◆ **Data excerpts**
[Start of section]

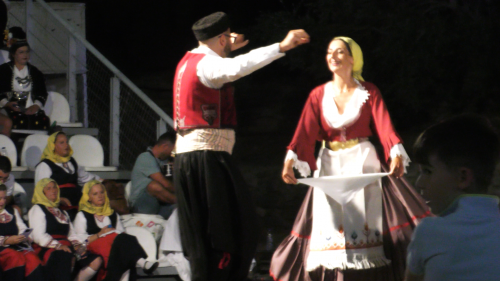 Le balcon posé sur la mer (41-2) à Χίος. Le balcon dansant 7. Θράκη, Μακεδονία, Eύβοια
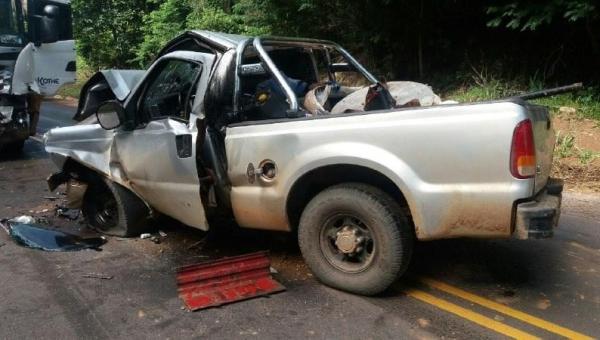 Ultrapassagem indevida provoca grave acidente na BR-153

[End of section]
[Start of section]

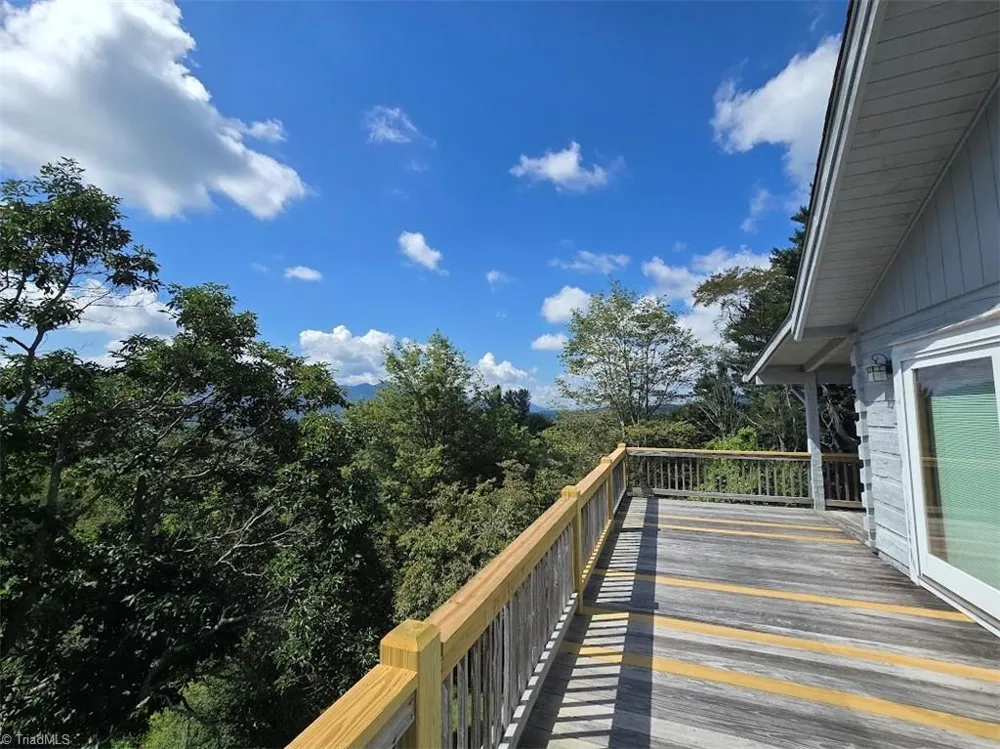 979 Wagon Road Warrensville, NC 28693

[End of section]
[Start of section]

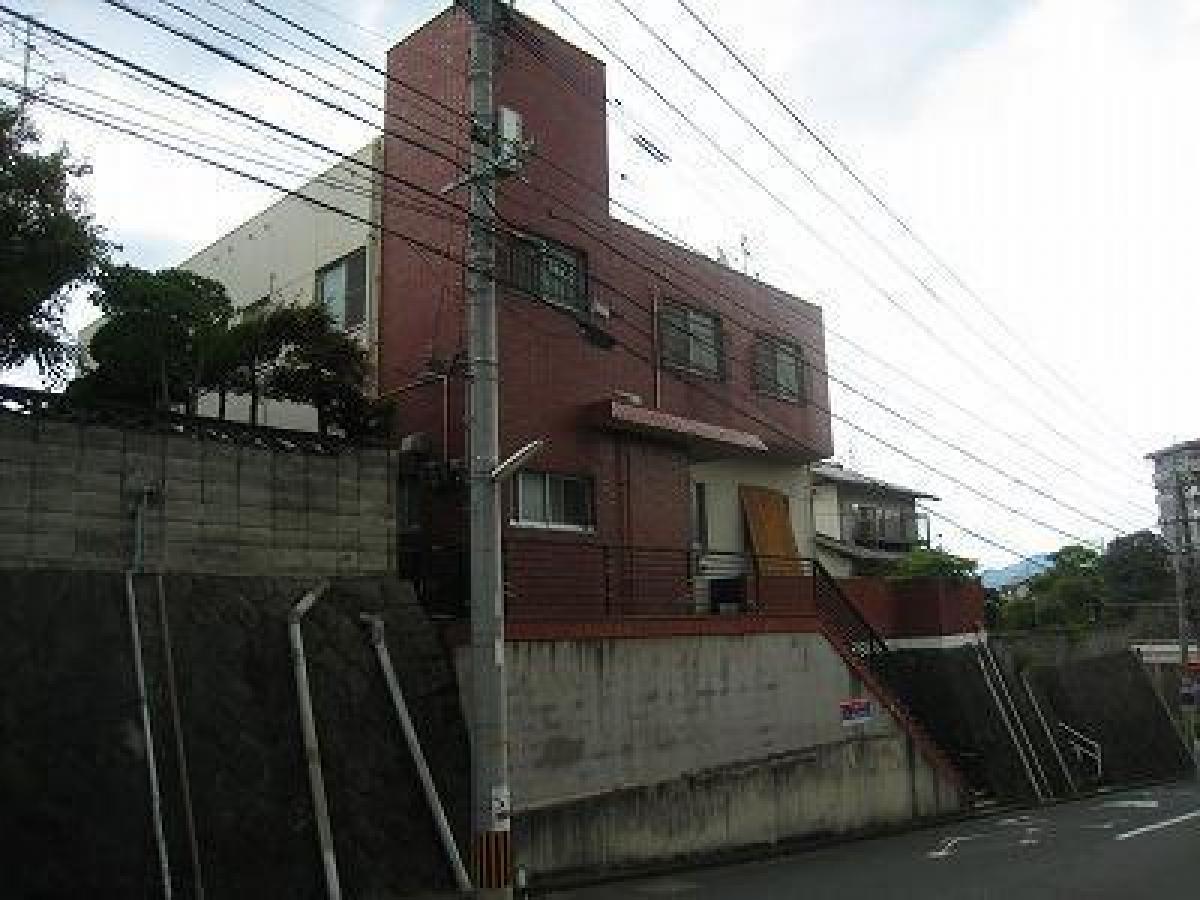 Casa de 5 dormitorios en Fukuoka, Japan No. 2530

[End of section]

◆ **Aim of the exercise**
Only one stretch of the material above is wanted: the line containing "Le balcon posé" through the line containing "Ultrapassagem indevida provoca". Restate it word for word, minus the pictures.

◆ **Response**
 Le balcon posé sur la mer (41-2) à Χίος. Le balcon dansant 7. Θράκη, Μακεδονία, Eύβοια
 Ultrapassagem indevida provoca grave acidente na BR-153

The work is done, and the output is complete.